Another level up from that is integration testing. This ensures that pieces of code work together and produce expected output(s) for a given set of inputs. This is often the more critical layer of testing, as it ensures that systems integrate as expected with each other.
By combining unit tests and integration tests with modern deployment strategies such as blue-green deployments, the probability of impact to your customers and your business by new code is significantly reduced. Everything is validated based on the established tests before changes are promoted to an environment.
Disaster Recovery
Many businesses focus on providing as much value to their customers as quickly as possible, but it’s also critical to ensure that you have a plan in the event of a system failure. While many companies rely heavily on cloud providers to minimize downtime and guarantee SLAs, failure will inevitably happen. This means that systems must be designed to tolerate a critical system failure.

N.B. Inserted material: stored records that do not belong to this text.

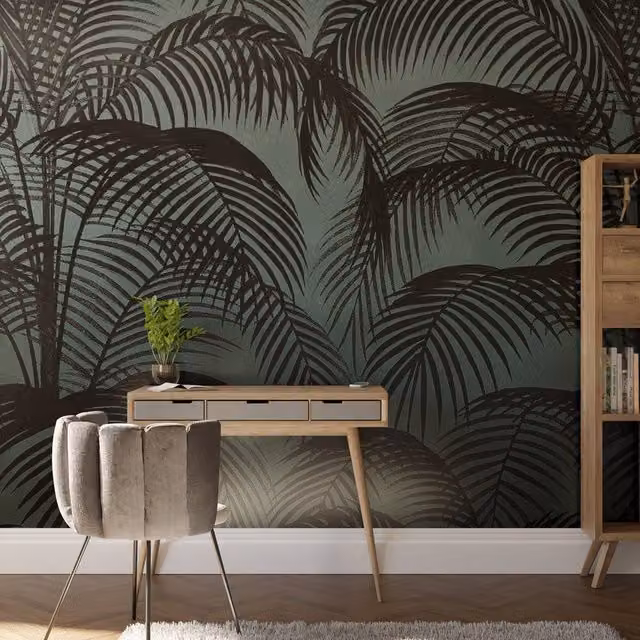 Superfresco Easy Palm Silhouette Teal Print Mural in Blue, W: 300 cm, H: 280 cm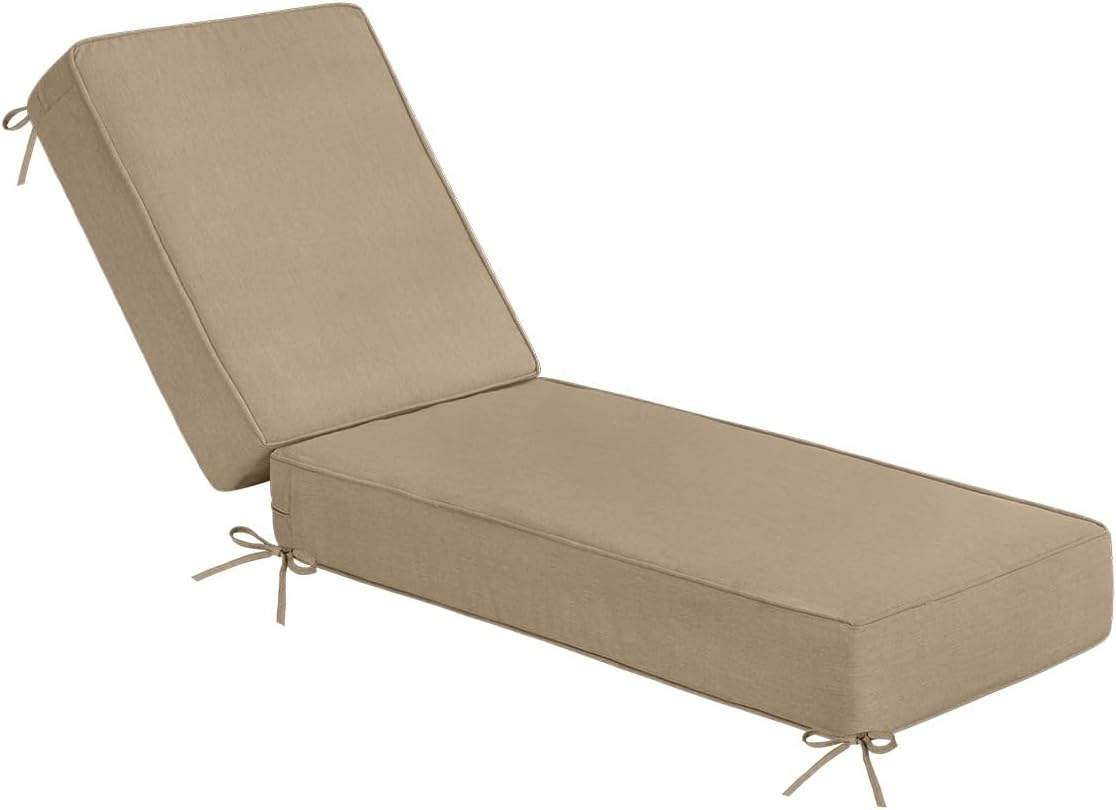 Sundale Outdoor Olefin Chaise Lounge Cushion Set of 2, Water-Resistant Patio Lounge Chair Cushion, Thick Lounger Pad with 8 Straps Navy Blue, 80 x 26 x 6 Inches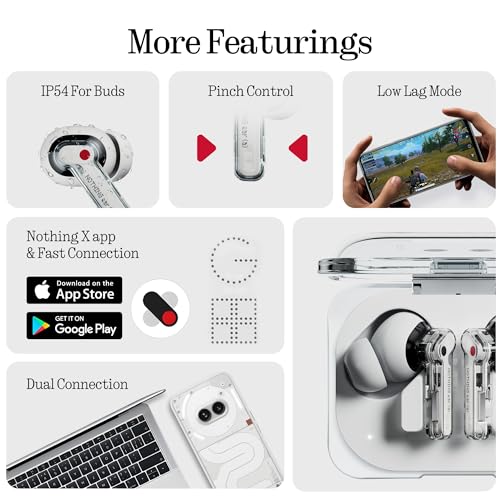 Nothing Ear (a) Wireless Earbuds, 45dB Hybrid Noise Cancelling Earbuds, Hi-Res Audio, Advanced Equaliser, Dual Connect, 6 Mics, 42.5H Playtime Ear Buds Wireless Bluetooth, White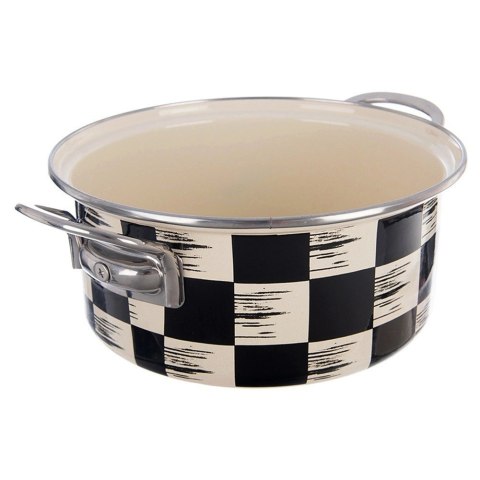 Garnek emaliowany SZACHOWNICA 20 cm, 2,2 l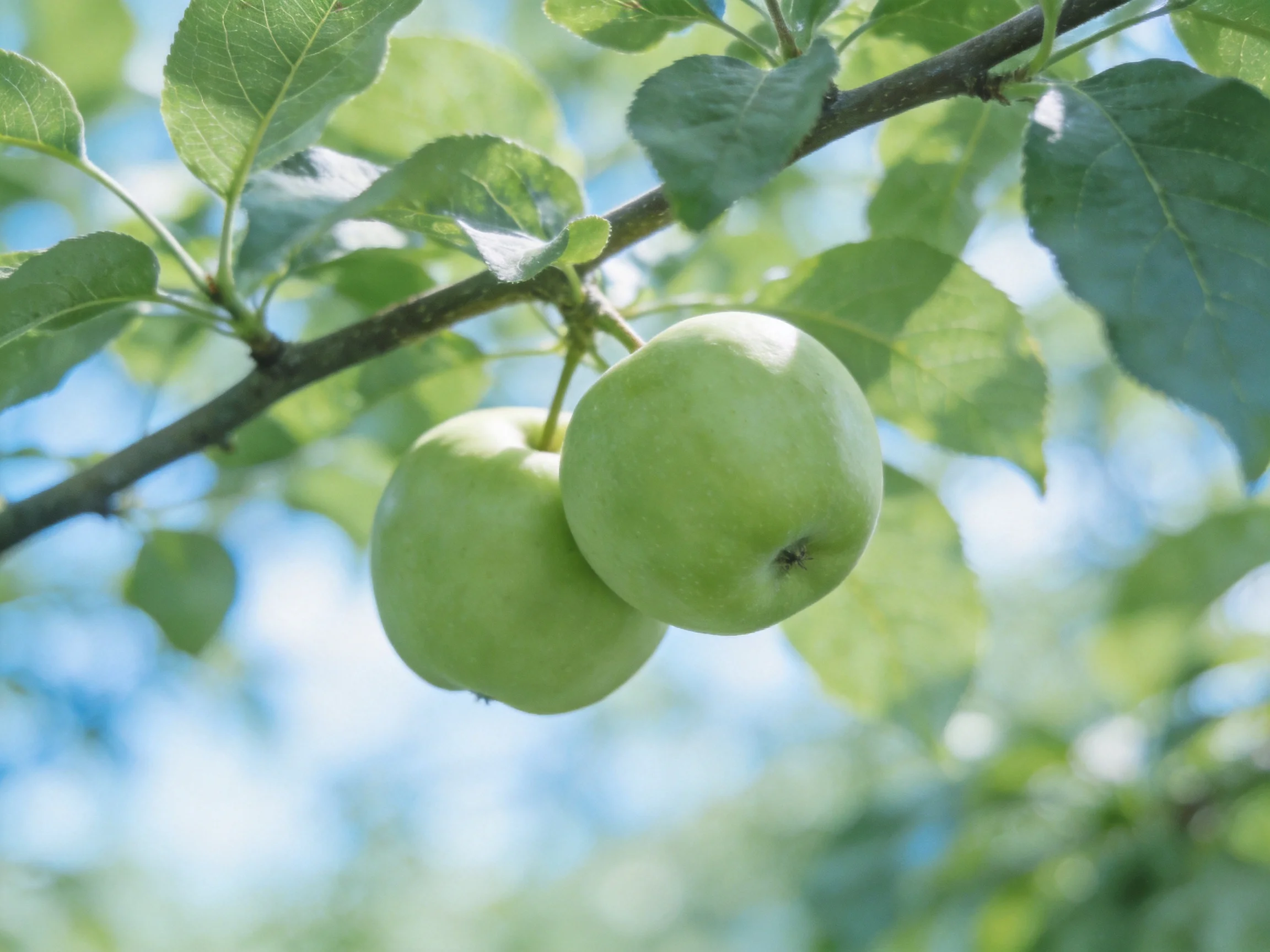 Two fresh green apples hang from a tree branch amid lush foliage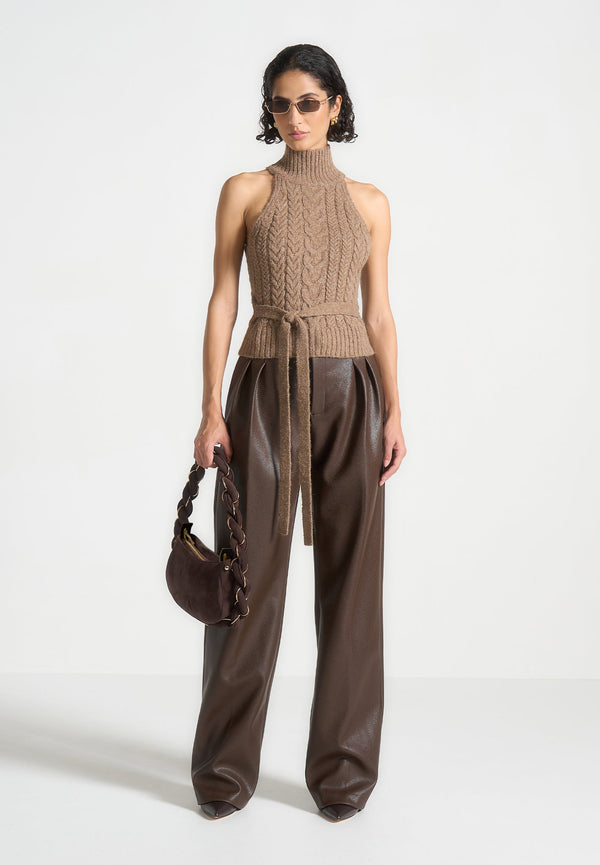 Olivia - Pebbled Leather Pleated Stacked Trousers - Brown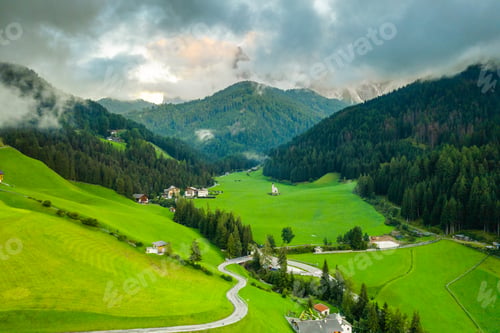 Preview: Santa Maddalena village with amazing Dolomites mountains on the background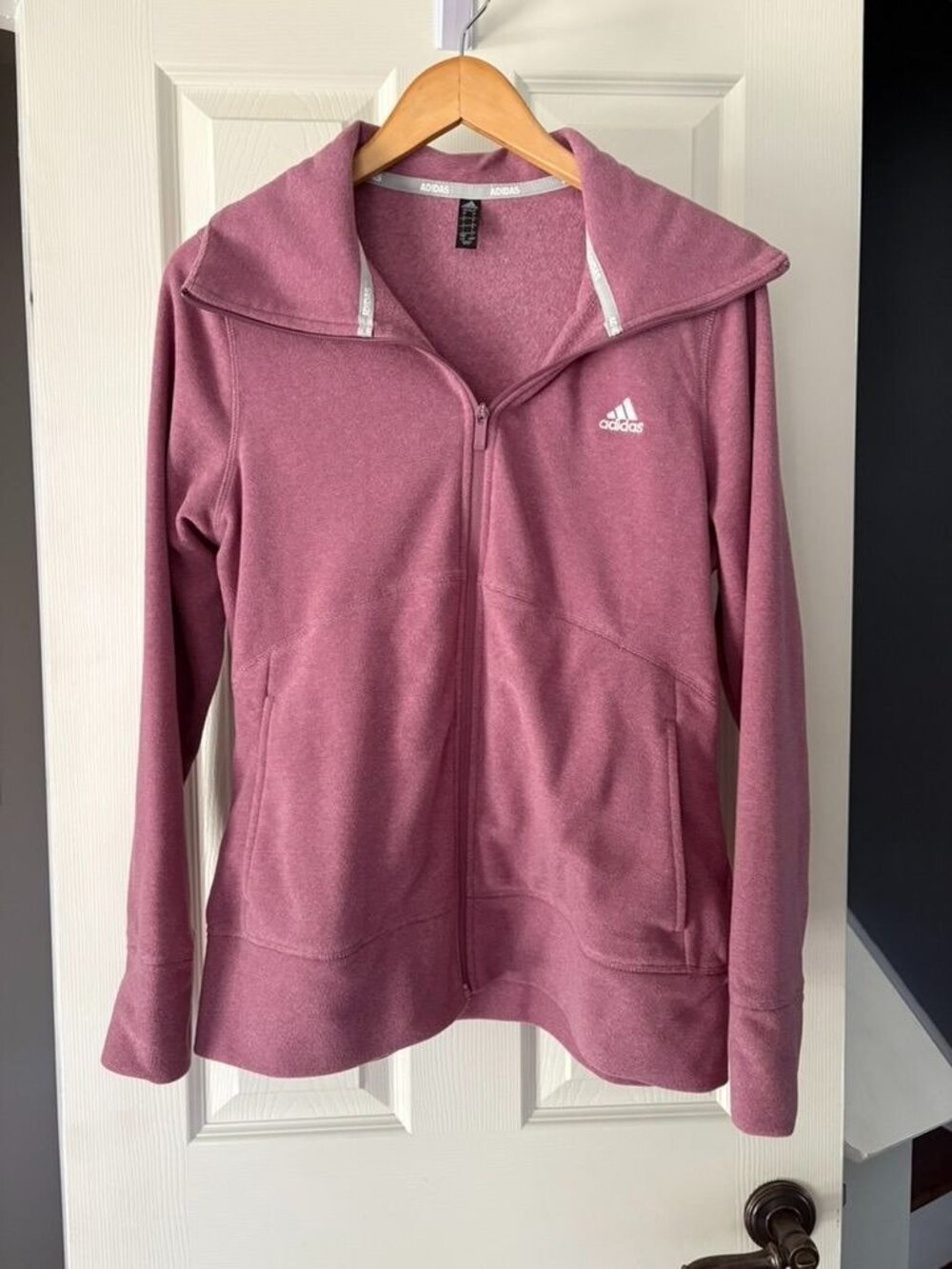 Adidas Golf Women’s Large Mauve Pink Full Zip Jacket Oversized Collar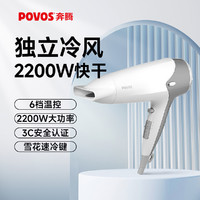 百亿补贴：POVOS 奔腾 2200W吹风机 大功率速干冷热风不伤发电吹风筒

Disaster recovery in data engineering generally falls into two metrics:
- Recovery Time Objective (RTO)
- Recovery Point Objective (RPO)
In the event of a disaster recovery scenario, businesses need to have standards in place to understand the impact to their customers and how long their systems will be unavailable. Data engineers are responsible for putting processes in place to ensure that data pipelines, databases, and data warehouses meet these metrics.
Example
Imagine if your company was an airline and you needed to provide customers with the ability to book flights, but suddenly, your data center explodes. Your business has established a data sync process to replicate data to another data center, but that process was interrupted and data loss has occurred. You need to re-establish your primary database in your application suite from the replicated database. The RPO represents how much data is lost between the cut-over, and the RTO represents how long customers are unable to book flights.
Data engineers frequently have to evaluate, design, and implement systems to minimize impact to customers in the event of failure.